Commentary: When the white glove waved

The Due sisters -- Johnita, left, Tananarive, center and Lydia -- prepare for a Jackson concert in 1984.
Michael Jackson died Thursday, and my family gathered by telephone from Florida, Texas, California and Georgia to mourn and remember. But we began mourning long ago.

LOS ANGELES, California (CNN) — Michael Jackson died Thursday, and my family gathered by telephone from Florida, Texas, California and Georgia to mourn and remember. But we began mourning long ago. I was 17 when the “Motown 25th Anniversary Special” aired in 1983, and my parents, sisters and I first saw Michael Jackson moonwalk to “Billie Jean.” He sent a lightning bolt through our living room, and all of us leaped to our feet with shouts.

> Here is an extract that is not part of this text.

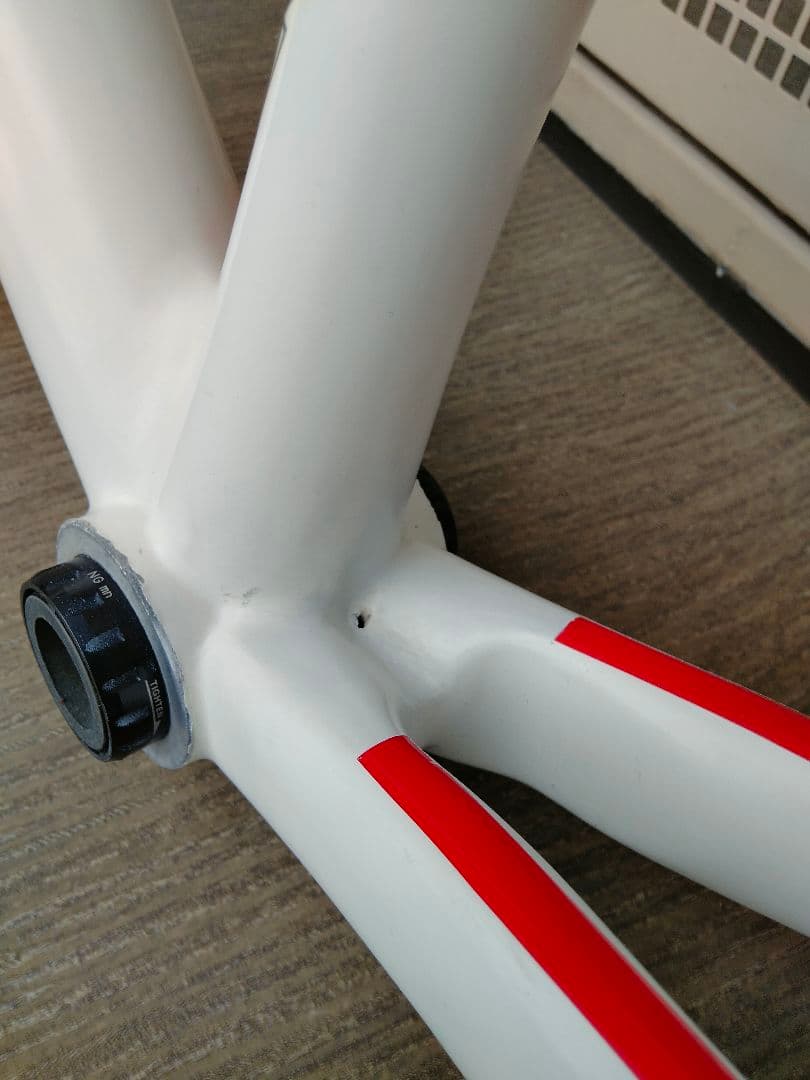 CARRERA VELENO EVO フルカーボンフレーム 500mm　2017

He may have been the best entertainer I live to see. His music asked us to transcend race and geography, hate and bigotry, and made us feel like we were the world. In recent months, I showed my 5-year-old son, Jason, that Motown performance on YouTube. “Billie Jean” made Jason want to moonwalk and wear a glove. “Beat It” inspired Jason to kick his leg and fling his head from side to side like Michael. But it has been a long time since I could watch Michael Jackson videos without feeling sad. His death is only the next stage of the loss. Michael Jackson left the music world to mourn — but many of us, especially black Americans, felt like we lost a family member on Thursday. He pained and puzzled us, but we still loved him. Until Thursday, some of us had forgotten how much. Michael was not always easy to love. He tested us, sometimes asking us to ignore what we could see with our own eyes. We may never know fully what Michael did or didn’t do, but he was like the lost relative we wished we could bring back to shore.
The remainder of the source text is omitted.